1

A C++ class containing two Eigen vectors has a strange size. I have a MWE of my problem here:

#include <iostream>
#include "Eigen/Core"

class test0 {
  Eigen::Matrix<double,4,1> R;
  Eigen::Matrix<double,4,1> T;
};

class test1 {
  Eigen::Matrix<double,4,1> R;
  Eigen::Matrix<double,3,1> T;
};

class test2 {
  Eigen::Matrix<double,4,1> R;
  Eigen::Matrix<double,2,1> T;
};

class test3 {
  Eigen::Matrix<double,7,1> T;
};

class test4 {
  Eigen::Matrix<double,3,1> T;
};

int main(int argc, char *argv[])
{
    std::cout << sizeof(test0) << ", " << sizeof(test1) << ", " << sizeof(test2) << ", " << sizeof(test3) << ", " << sizeof(test4) << std::endl;
    return 0;
}

The output I get on my system (MacBook Pro, Xcode Clang++ compiler) is:

64, 64, 48, 56, 24

The class "test1" has some bizarre extra padding - I would have expected it to have size 56. I don't understand the reason for it, especially given that none of the other classes have any padding.

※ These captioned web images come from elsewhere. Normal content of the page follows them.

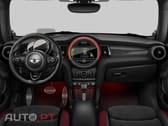 MINI John Cooper Works Auto Desportiva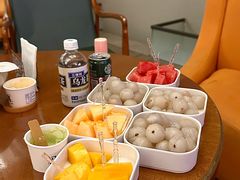 -海纳百川·都市温泉·足道·SPA(学院路店)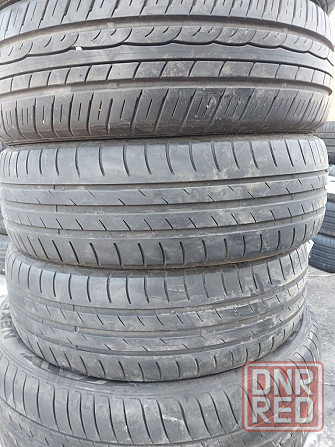 Продам резину лето r15 185/65 Запорожье - изображение 5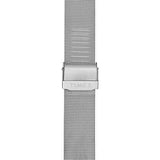 Timex Long Last-Ten Year Battery Life Analog Silver Dial Women's Watch-TWEL12900 - Bharat Time Style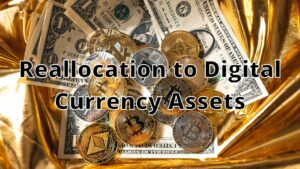 Reallocation to Digital Currency Assets Hero Image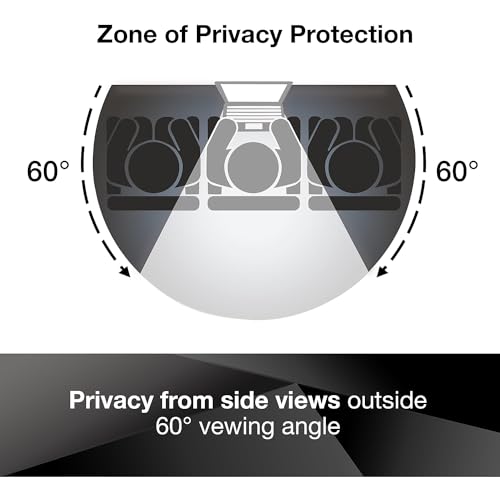 Image of 3M Pf19.0 LCD Privacy Filter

Can anyone explain, or is this an error?

user664303
  • 2,053
  • 3
  • 13
  • 30
  • "I would have expected it to have size 56" - why? –  Jan 12 '17 at 01:25
  • 1
    @latedeveloper, because it has 7 doubles. – zneak Jan 12 '17 at 01:25
  • I really meant "why do you think the compiler can't add whatever padding it likes, unless you explicitly control it?" –  Jan 12 '17 at 01:27
  • 1
    @latedeveloper, there is literally no weaker reason for anything than "because it can". Padding has a memory cost, and I would generally try to avoid a compiler that increases cost "because it can" rather than because I get something in return. In this case, I fail to see benefits. – zneak Jan 12 '17 at 01:31
  • I use this class in an Eigen::Map, and it seems like that last 8 bytes is getting written to. Which is annoying (breaking things) if I'm passing in a pointer to an array of 7 doubles. Surely the compiler shouldn't allow writes to the padding. – user664303 Jan 12 '17 at 01:32
  • 2
    I find your question interesting, but I have to leave it here that it is not legal C++ to take a pointer to one of these and expect it to be a valid pointer to doubles. – zneak Jan 12 '17 at 01:33
  • 2
    @zneak If you are interested in padding (most people are not) then you _will_ need to control it explicitly via compiler-specific mechanisms. –  Jan 12 '17 at 01:36
  • @zneak: That's not what I'm doing. I am mapping a pointer to an array of doubles to one of these, using [Eigen::Map](https://eigen.tuxfamily.org/dox/classEigen_1_1Map.html). I assume this core maths library is using legal C++, but maybe I'm mistaken. My MWE simplifies things a little, too. – user664303 Jan 12 '17 at 01:39
  • @latedeveloper, I'm generally not interested in padding, but I'm interested in how efficient my code is, and "it can" is an insufficient explanation to inefficiency. – zneak Jan 12 '17 at 01:46
  • @zneak It's entirely sufficient, because that's what compilers do, but take up your gripes with the compiler writers, not me. –  Jan 12 '17 at 01:49
  • @zneak it can be efficient or inefficient, depending on how much memory access you have. The only way to know it is profiling. In any case, worrying about this is probably premature optimization, which is the "root of all evils", unless you have carefully benchmarked the code and make sure that it's a bottleneck – phuclv Jan 12 '17 at 01:59
  • Correction to my earlier comment. I don't believe that the padding gets written to. However, I am telling the compiler that two sequential containers, the first of which is a test1, are not aliases, using the restrict keyword. Given the padding, they are in fact overlapping. This might be the cause of the errors. – user664303 Jan 12 '17 at 02:03
  • Placing `#pragma pack(8)` just above the test1 class changes its size to 56. – user664303 Jan 12 '17 at 02:11
  • @LưuVĩnhPhúc, I believe that whatever heuristics the compiler uses are explainable. I'm sure that there's a tradeoff involved, but I am not willing to take "optimization is the root of all evil" as the reason for why I shouldn't be interested in learning about that tradeoff. – zneak Jan 12 '17 at 02:31

2 Answers2

5

This happens because of how the Eigen library is implemented, and it is not related to compiler tricks. The backing storage for Eigen::Matrix<double, 4, 1> has the EIGEN_ALIGN_TO_BOUNDARY(16) tag on it, which has compiler-specific definitions that ask the type to be aligned on a 16-byte boundary. To ensure this, the compiler has to add 8 bytes of padding at the end of the structure, since otherwise the first matrix field would not be aligned on a 16-byte boundary if you had an array of test1.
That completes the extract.